Night at the Museum: Secret of the Tomb is a 2014 American comedy film directed by Shawn Levy and written by David Guion and Michael Handelman. It is the sequel to the 2006 film Night at the Museum and the 2009 film Night at the Museum: Battle of the Smithsonian. The film stars Ben Stiller, Robin Williams, Owen Wilson, Steve Coogan, Dan Stevens and Ben Kingsley. It is the third and final installment of the Night at the Museum trilogy.[3]

In Secret of the Tomb, security guard Larry Daley must travel to London to return the tablet of Ahkmenrah, an Egyptian artifact which causes the exhibits to come to life, before the magic disappears. The film premiered on December 11, 2014 at New York City's Ziegfeld Theater and was released in the United States on December 19, 2014. Secret of the Tomb grossed over $360 million at the box office. Secret of the Tomb is dedicated to Mickey Rooney and Robin Williams, both of whom died months after the film's principal photography ended.


In 1938, in Egypt a team of archaeologists is searching for a tomb and its treasure. A young boy falls into it, calling to his father and the team; they discover a significant artifact, the tablet of Ahkmenrah. The locals tell them that if they remove the tablet, "the end will come".

In present-day New York City, night guard Larry Daley is overseeing an evening event at the American Museum of Natural History. Larry has gathered his favorite exhibits, which come to life every night, to help with the entertainment; they include Teddy Roosevelt, Attila the Hun, Sacagawea, Dexter the Monkey, diorama miniature cowboy Jed and miniature Roman centurion Octavius, and Pharaoh Ahkmenrah. Larry meets a new wax figure Neanderthal who calls himself Laaa. Pharaoh Ahkmenrah had earlier warned Larry that the tablet is corroding, which had been causing the exhibits to act abnormally. At the event, the exhibits get out of control and the attendees flee. When Larry gets home, he finds his son Nicky throwing a party. Nicky explains he doesn't intend to apply to college, wanting to take a year off to figure out what he wants to do with his life.

Larry researches the tablet and learns Cecil Fredericks, the former security guard who tried to steal the tablet in the first movie, was the boy from 1938 who helped discover it. Larry goes to Cecil’s retirement home and explains to Cecil what is happening at the museum. Cecil recalls the locals' warning that "the end will come”, realizing it was not an "end of the world" prophecy but a warning that the tablet's magic would end.
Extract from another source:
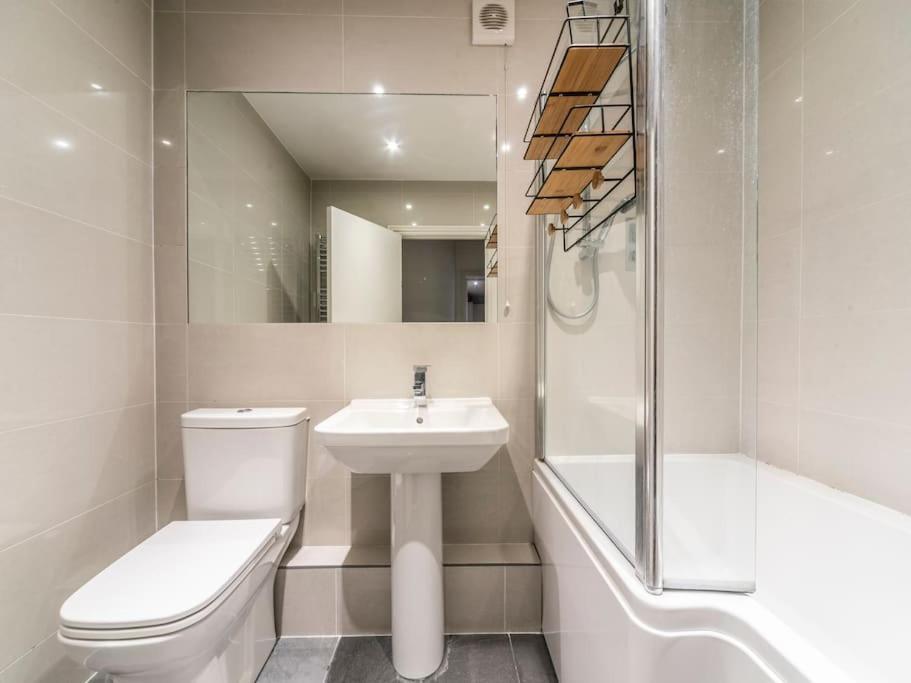 Surbiton Garden Flat Apartment Екстериор снимка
He suggests that Larry consult Ahkmenrah's parents, who are in the British Museum.

Larry and Nicky travel to London to the museum, meeting the security guard, Tilly, who lets them in. When Larry enters, he sees that his favorite exhibits all stowed away to join in the adventure. The tablet brings the British exhibits to life and the gang encounters a Triceratops skeleton, which chases them. The exhibit Sir Lancelot saves them but Jed and Octavius fall into a ventilation shaft. Larry sends Dexter to find Jed and Octavius, who have fallen even more, landing in a Pompeii exhibit just before the model of the volcano Mount Vesuvius erupts. The others fight off a nine-headed Xiangliu statue and Dexter stops the volcano's flow to save Jed and Octavius.
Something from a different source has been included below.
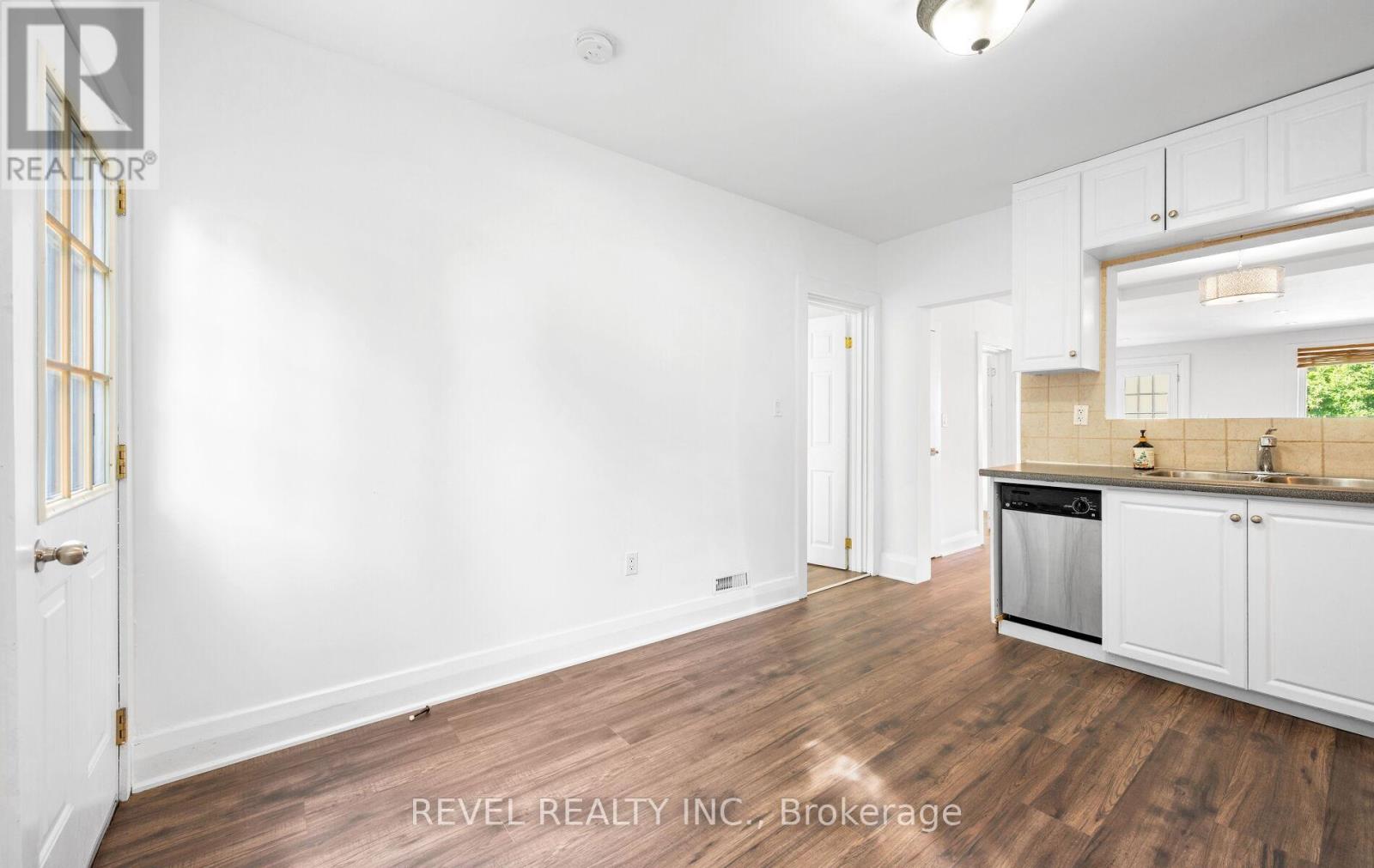 Photo 10 of Main Floor 69 Rockcliffe Boulevard E, Toronto ON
The gang finds Ahkmenrah’s parents, and his father, Merenkahre, reveals the purpose and power of the tablet: it was made to keep his family together forever. The tablet is endowed with the power of Khonsu, god of the moon, and needs frequent exposure to moonlight to retain its magic. Lancelot steals the tablet, mistaking it for the Holy Grail, then leaves to find his Lady Guinevere. The tablet continues to corrode, which damages the New York exhibits and threatens their “lives”. The gang splits up to find Lancelot, but Tilly apprehends Larry and locks him and Laaa in the employee break room. Larry reflects upon his relationship with Nicky and then Laaa breaks them out. The gang leaves the museum to continue the search, but the Trafalgar Square lion statues corner them. Larry distracts the statues with his flashlight and the search continues.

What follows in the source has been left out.